## Information supplied:
-------------------------
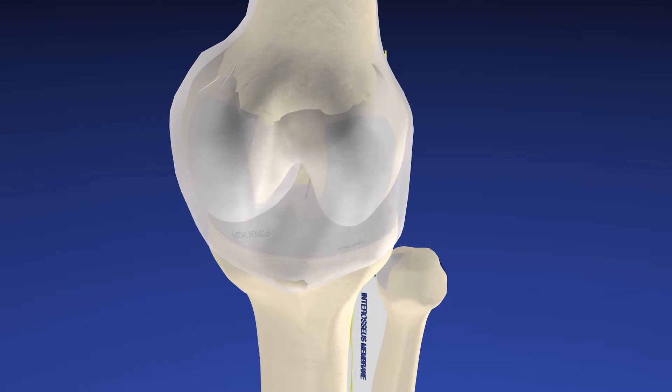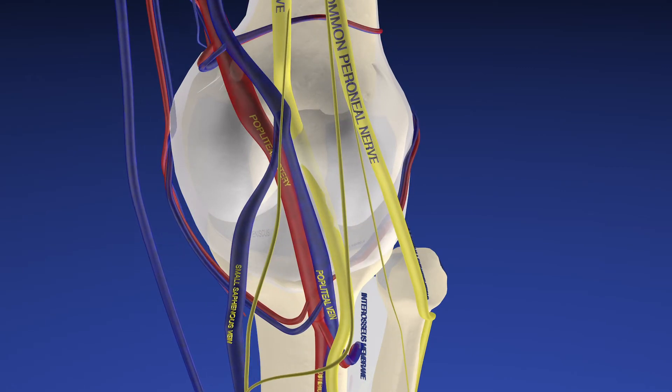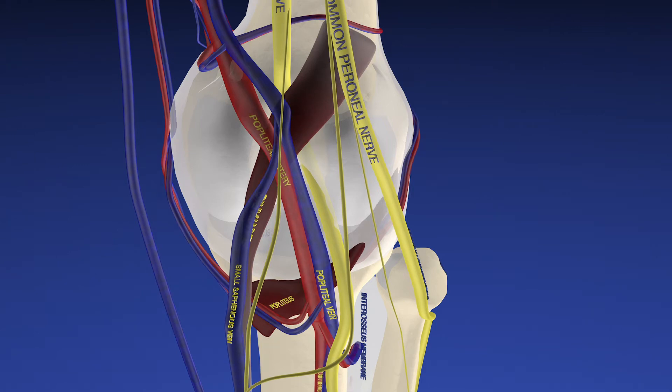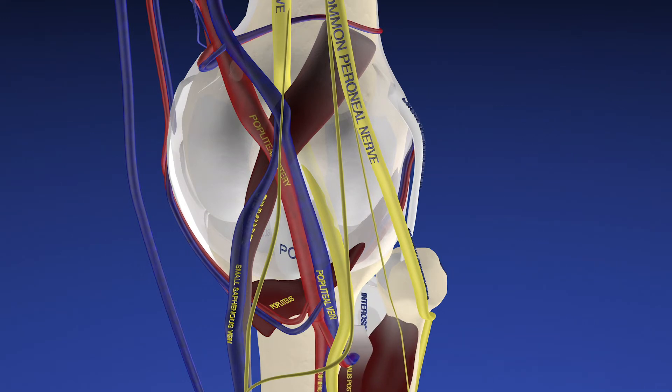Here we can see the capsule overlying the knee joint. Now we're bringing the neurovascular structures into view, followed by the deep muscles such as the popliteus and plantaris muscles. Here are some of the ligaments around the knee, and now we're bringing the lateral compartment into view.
-------------------------
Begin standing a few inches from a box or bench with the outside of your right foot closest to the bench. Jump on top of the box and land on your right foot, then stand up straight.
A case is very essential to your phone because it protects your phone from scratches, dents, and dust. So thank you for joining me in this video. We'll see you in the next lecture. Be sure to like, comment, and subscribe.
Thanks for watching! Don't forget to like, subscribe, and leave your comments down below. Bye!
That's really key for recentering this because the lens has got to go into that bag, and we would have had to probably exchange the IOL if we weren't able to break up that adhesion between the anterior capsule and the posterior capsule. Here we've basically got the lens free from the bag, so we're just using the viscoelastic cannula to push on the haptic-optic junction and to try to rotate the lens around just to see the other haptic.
-------------------------
## Problem to work on:
The answer must be a single number: how many lines of the data include the string "like".

## Answer to this exercise:
2